The Permian interval is important for shale oil and gas exploration in South China. However, the exploration and development of Permian shale gas are still at the preliminary stage, and our understanding of its shale gas reservoir characteristics is not advanced [10,11,12]. The latest research indicates that, compared to the shale in the Sichuan Basin, the Dalong Formation shale in Western Hubei has the following particularities detailed below. (1) Whereas the main producing layers of the Longmaxi Formation in the Sichuan Basin are shelf deposits [13,14,15], the dominant layers being explored in the Dalong Formation are in the rifted platform basin facies [16,17]. (2) The total organic carbon (TOC) content of the Longmaxi Formation in the Sichuan Basin is mainly within the range of 0.5-6.0 wt.% [18,19], whereas that of the Dalong Formation in Western Hubei is in the range 2.6–14.3 wt.%, which may impact the formation of organic matter pores. (3) Compared to shale gas resources in the Sichuan Basin (60% of which are buried to >3500 m depth), the Calong shale is shallowly buried (mostly 0–2000 m depth, except in the Lichuan region where it is buried to a 4000 m depth) and widely distributed. The Dalong Formation has undergone a moderate degree of thermal evolution (Ro = 2.6–2.8%) [20], slightly less than the Longmaxi Formation (Ro = 2.3–3.1%) [21].
Exploration efforts have demonstrated Permian rocks in Western Hubei to be good prospects for shale gas exploration [22,23], and shale gas reservoirs have been discovered in many wells there. In 2021, a test of well Hongye 1HF in the Ongxing area of Enshi, Hubei, produced 89,000 m3 of industrial gas flow per day, setting off a boom in Permian shale gas exploration in Western Hubei. Recently, studies on Dalong Formation shale reservoirs in the Western Hubei trough have found these reservoirs to have poor physical properties, with total porosities of less than 3% [24]. Pores are mainly organic pores with parallel plate and ink bottle shapes. Micropores and mesopores are important components of a shale’s pore structure, which is also influenced by the organic matter content and shale lithofacies [25,26]. At present, our understanding of the basic geological characteristics of the organic-rich shale in the Western Hubei Dalong Formation, as well as the characteristics and pore structure of the shale gas reservoir, remains relatively limited. Because gas reservoirs are strongly heterogeneous, research into the factors influencing reservoir development is of great significance for the evaluation and prediction of high-quality reservoirs. Furthermore, such reservoir characterizations are informative for basin-scale petroleum system investigations [27,28,29,30], which are often critical to oil and gas exploration activities and our understanding of regional petroleum systems [30,31].

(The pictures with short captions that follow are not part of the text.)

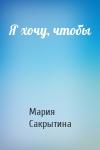 Мария Сакрытина - Я хочу, чтобы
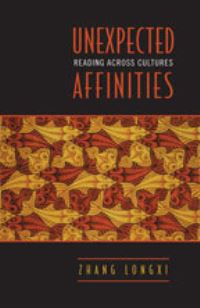 Book Cover for Unexpected Affinities by Zhang Longxi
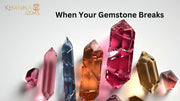 When Your Gemstone Breaks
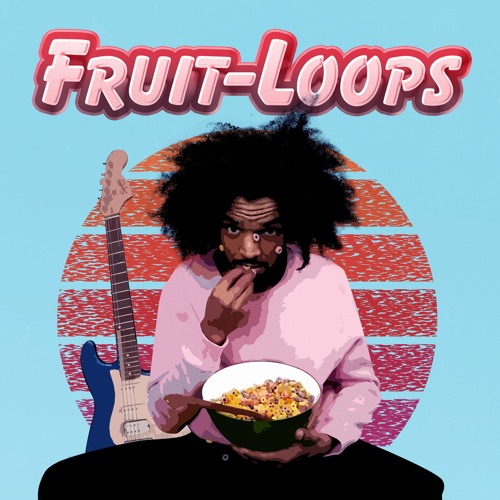 Fruits Loops - Kromatix & Andy Quan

In this study, we first analyzed the mineral composition and organic geochemical characteristics of siliceous shales of the upper Permian Dalong Formation in the Western Hubei trough. Then, we measured their total porosities and permeabilities, observed the samples under a field-emission scanning electron microscope (FE-SEM), conducted CO2 and N2 adsorption tests to analyze the physical properties of the siliceous shale reservoirs, qualitatively evaluated pore types, morphologies, and sizes of pores, quantitatively characterized pore-structure parameters such as pore volume and specific surface area, and determined the effects of mineral composition and organic matter content on pore development. Finally, we performed isothermal methane adsorption experiments to characterize the adsorption capacity of the shales and identify factors influencing it, aiming to provide a basis for the geological evaluation and exploration of shale gas in the upper Permian Dalong Formation.

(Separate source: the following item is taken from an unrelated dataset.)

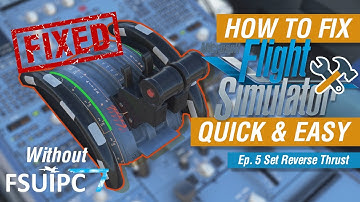 [TUTORIAL] How to set REVERSE THRUST in MS Flight Simulator 2020 Quick & Easy Ep. 5 | No FSUIPC7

Our results on the factors influencing reservoir development can be used to improve the evaluation and prediction of shale reservoirs and, more broadly, inform petroleum systems and exploration science, e.g., [27,28,30]. Future testing of other drill-core samples in the Western Hubei trough and a lateral comparison of the results will benefit the development of shale gas resources in Western Hubei.

2. Geological Setting

The Western Hubei region is in the Western Hunan-Hubei fold belt in the central Yangtze platform of the South China plate. Through numerous orogenies, including the Caledonian, Hercynian, Indosinian, Yanshanian, and Himalayan, this region developed with two sets of basin-controlling faults trending NNE and NW. The basin is actually a residual basin formed by the modification and superposition of several prototype basins [32,33,34,35]. The Western Hubei region is adjacent to the Sichuan Basin in the northwest (with the Qiyueshan fault as its border), the Huangling anticline–Yichang slope belt to the northeast (with the Tianyangping–Jianli fault as its border), and the Jiangnan–Xuefeng overthrust belt to the southeast (with the Cili–Baojing fault as their boundary) [34,36]. It contains four secondary tectonic units: the Lichuan complex syncline, Central complex anticline, Huaguoping complex syncline, and Yidu–Hefeng complex anticline (Figure 1c).

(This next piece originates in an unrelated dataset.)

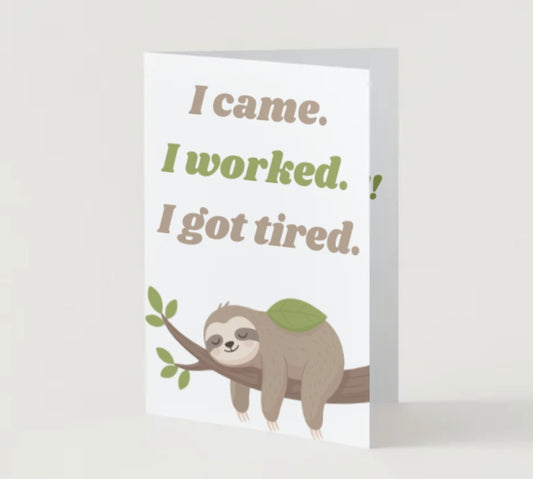 I got tired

In the Changxing period (late Permian), the South China plate was near the paleo-equator and adjacent to the Paleo-Tethys Ocean in the west and Panthalassa in the east, with numerous small land masses along its periphery and thus exhibiting a multi-island ocean basin framework overall [37] (Figure 1a). Most of the Yangtze region of the South China plate was a carbonate platform, and the Dalong Formation, dominated by deep-water siliceous facies, was distributed on the northern and southern edges of the Yangtze platform [38]. Late Permian strata in Western Hubei were deposited in a secondary rift basin within a platform on the northern edge of the central Yangtze region; this basin was surrounded by the platform on three sides and connected to the vast ocean to the north, with a semi-enclosed sedimentary environment (Figure 1b). Dalong Formation shales are mainly developed in the rift trough, which hosts deep-water deposits, whereas the Changxing Formation limestone is deposited on the platform around the trough [25]. Frequent sea-level fluctuations during the deposition of the Dalong Formation produced siliceous mudstones, carbonaceous mudstones, calcareous mudstones, siliceous rocks, and bioclastic limestones.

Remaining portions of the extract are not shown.